The GC-MS data were analyzed with mzmine (mzio GmbH, Bremen, Germany). The data were analyzed as a batch. The steps of the batch queue were as follows: mass detection with a noise level set to 5.0 × 101; chromatogram builder; smoothing with the Loess smoothing algorithm; local minimum feature resolver; GC-EI spectral deconvolution with rt grouping and shape correlation algorithm; join aligner; spectral/molecular networking.

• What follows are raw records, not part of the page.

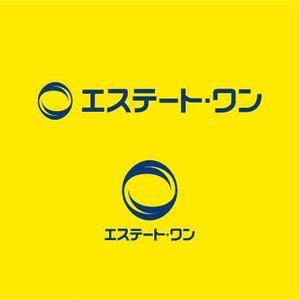 toiro (toiro)さんの不動産会社「エステート・ワン」のロゴ制作への提案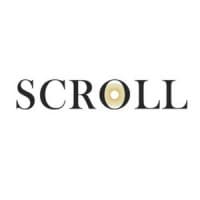 Scroll logo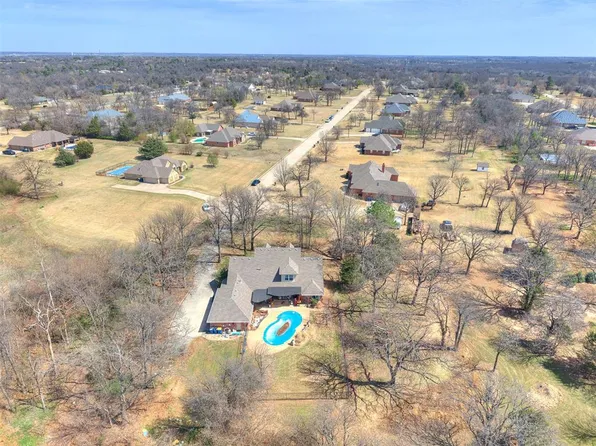 16316 Cobblestone Cir, Choctaw, OK 73020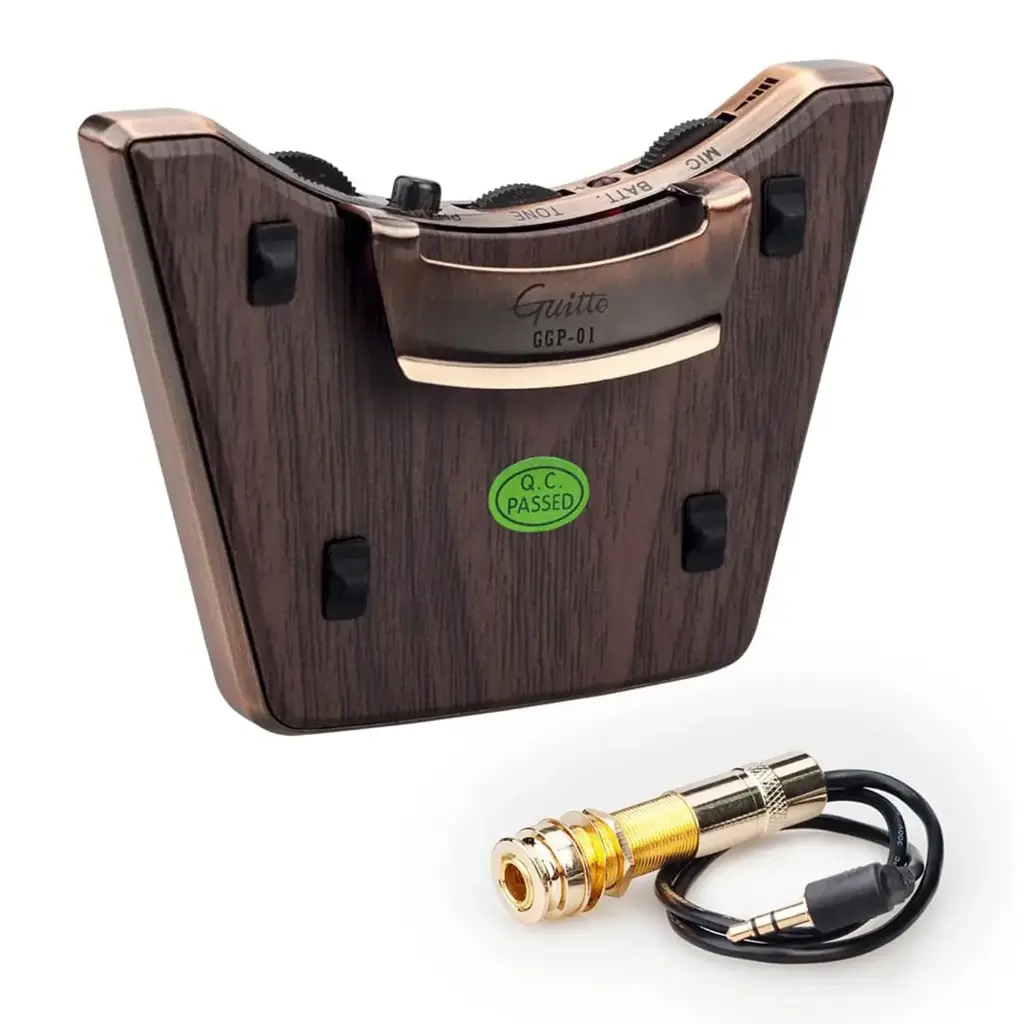 Guitto GGP-01 Acoustic Guitar Pickup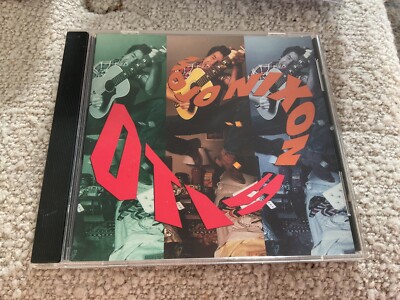 Mojo Nixon Otis CD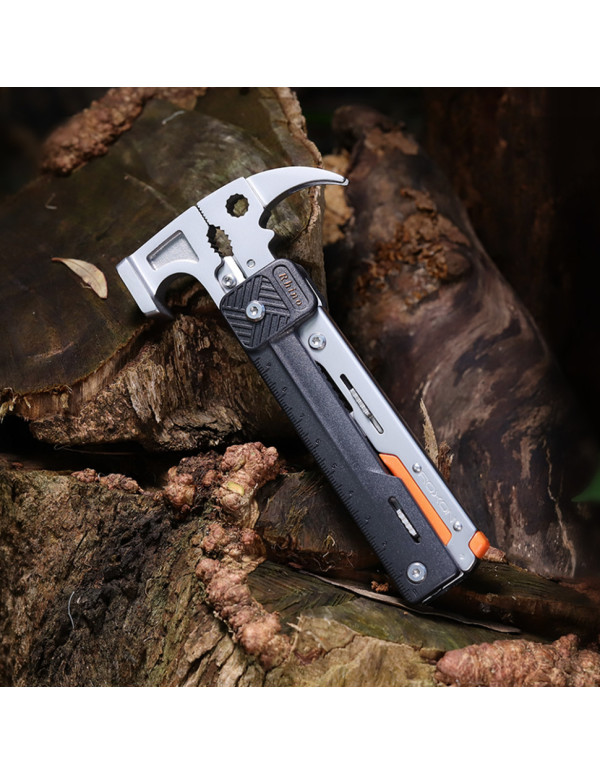 Мультитул-молоток Roxon H1, чорний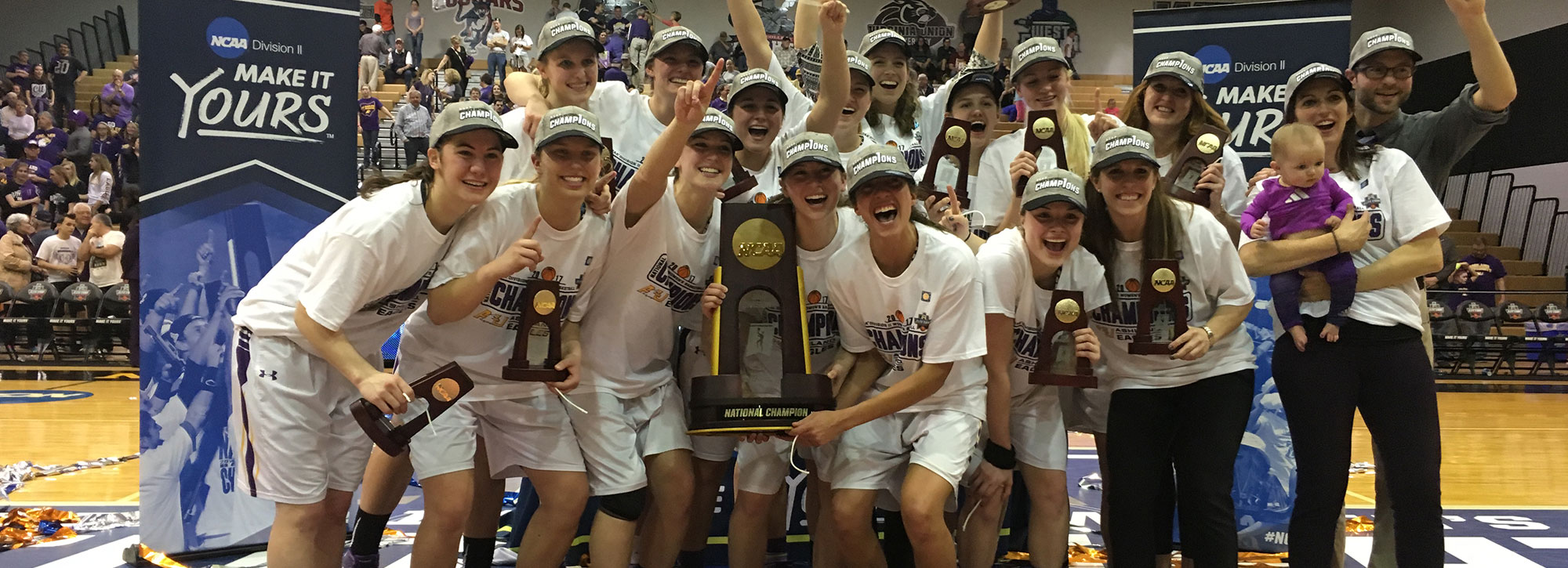 Ashland Women's Basketball To Have Fans Be Part Of Ring Ceremony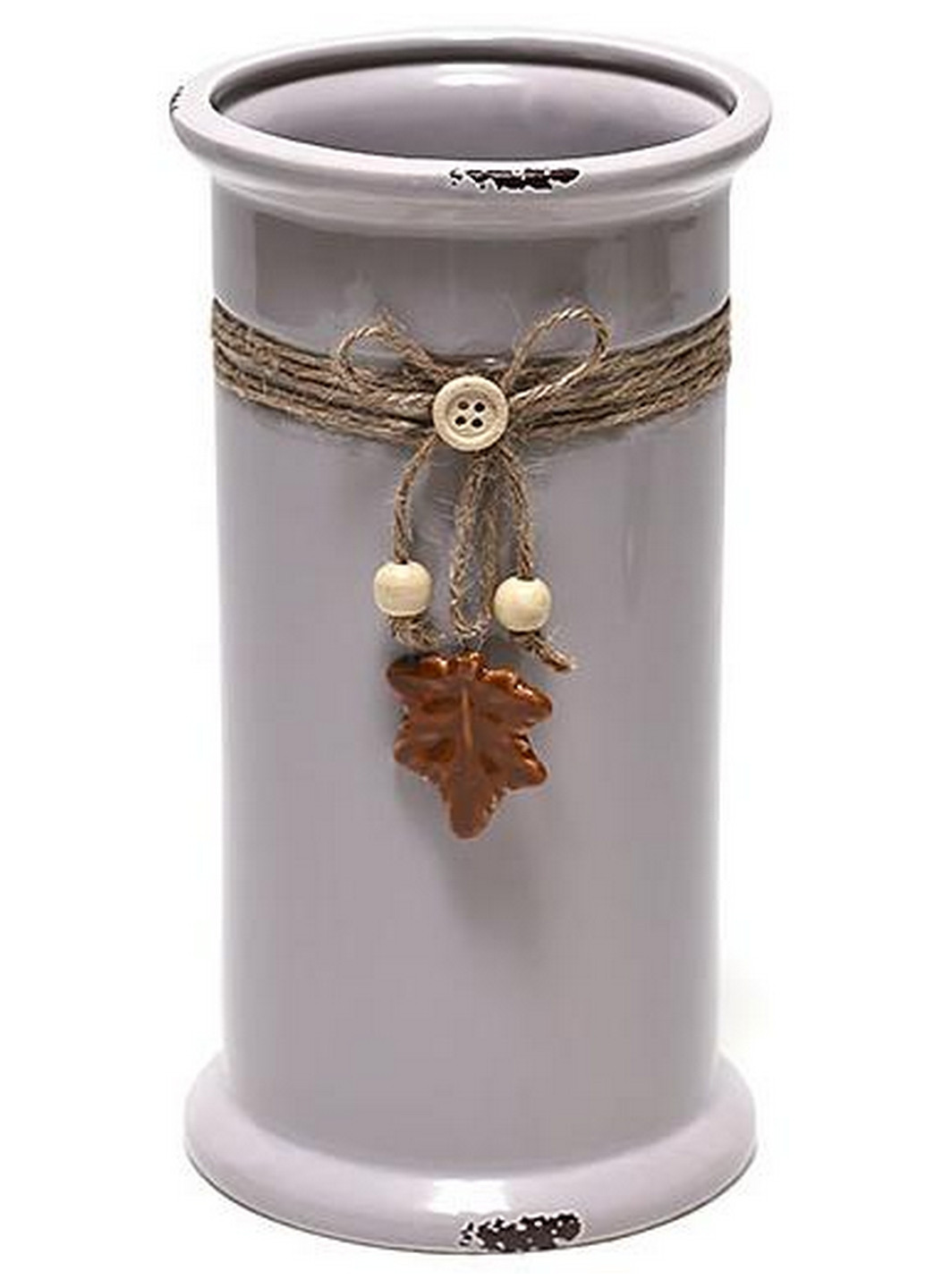 Ваза керамічна Shabby Chic Bona (276979764)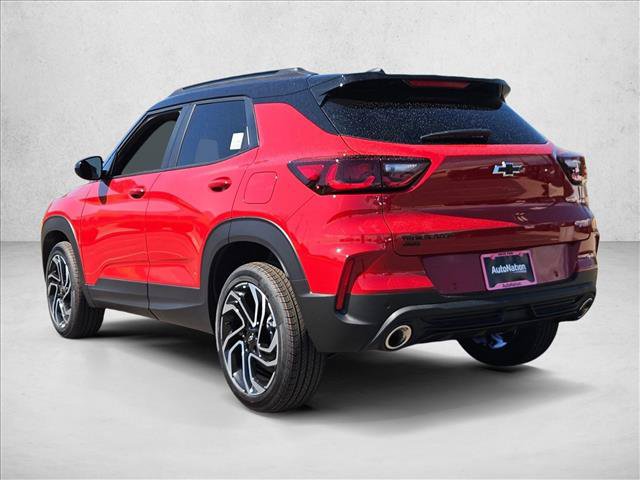 New 2026 Chevrolet TrailBlazer RS w/ Driver Confidence Package AWD/4WD image 9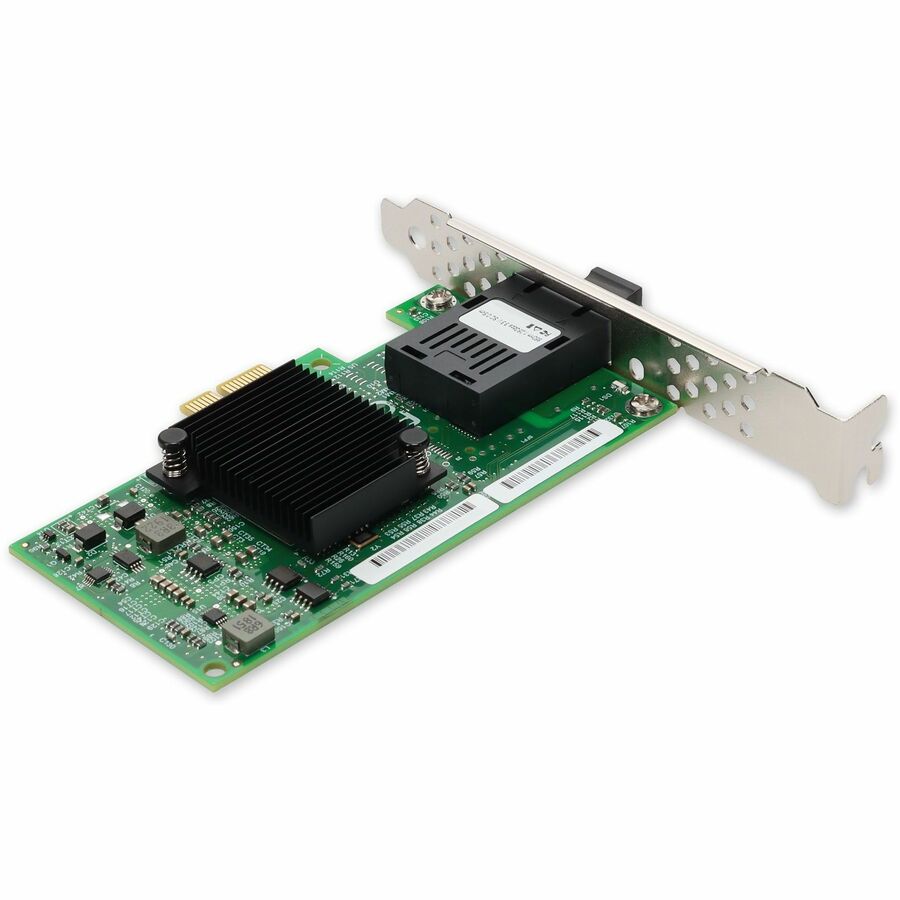 AddOn 1Gbs Single Open SC Port 550m MMF PCIe x1 Network Interface Card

The assigned compounds were preliminarily annotated with NIST/EPA/NIH Mass Spectral Library 23 from the NIST (Gaithersburg, MD, USA) of the U.S. Department of Commerce. The TIC chromatograms were integrated and the retention time at peak maxima used for retention time comparison. For exploratory data analysis, the aligned feature list was exported and assessed with PCA and fold-change analysis in volcano plots with MetaboAnalyst 6.0 (NSERC, Ottawa, ON, Canada). To assess the need for data normalization prior to exploratory data analysis, the feature density and normalized intensity were evaluated. Based on the results, green coffee data were normalized by sum, log10-transformed, and auto-scaled, while roast coffee data were only auto-scaled prior to PCA analysis and fold-change analysis. For the generation of volcano plots, data were used unpaired and p was set to 0.05.
4. Conclusions
This study evaluated the potential of THS-GC-IMS paired with modern machine learning for the differentiation of coffee species and annotation of characteristic substances with the simultaneously measured QMS data. The classification without prior feature extraction was compared to MCR-ALS-resolved data with PLS-DA as the classification model. The feature extraction with MCR-ALS significantly enhanced classification accuracy and sensitivity for green coffee samples, which commonly have a less complex and highly similar volatile fingerprint throughout different species when compared to roast coffee. Furthermore, MCR-ALS preserves the chemical and physical information of the original data. This allows for precise determination of retention time and drift time of the characteristic signals in the IMS-spectra.
In order to annotate the IMS signals, the QMS data were first analyzed separately, and subsequently the retention times of the characteristic compounds were compared to the retention times of the characteristic IMS signals. Comparing the characteristic signals for each coffee species in IMS and QMS data, it was possible to tentatively annotate one characteristic compound for green coffee; however, for roast coffee samples, four common characteristic compounds were tentatively annotated in the QMS and IMS data. This study also made clear that there are still challenges to overcome, such as more precise alignment of the resulting data from the two very different detection systems, particularly for such highly complex samples. In a routine environment, the MS section of the system described here might not even be required, provided that the relevant features are identified or verified and databases are established. Commercially available GC-IMS applications could then be sufficient for such tasks. In conclusion, this study demonstrates the power of THS-GC-IMS in combination with MCR-ALS and PLS-DA for a fast authentication of coffee species, creating the potential for a fast point-of-care technique for the detection of fraudulent coffee blends.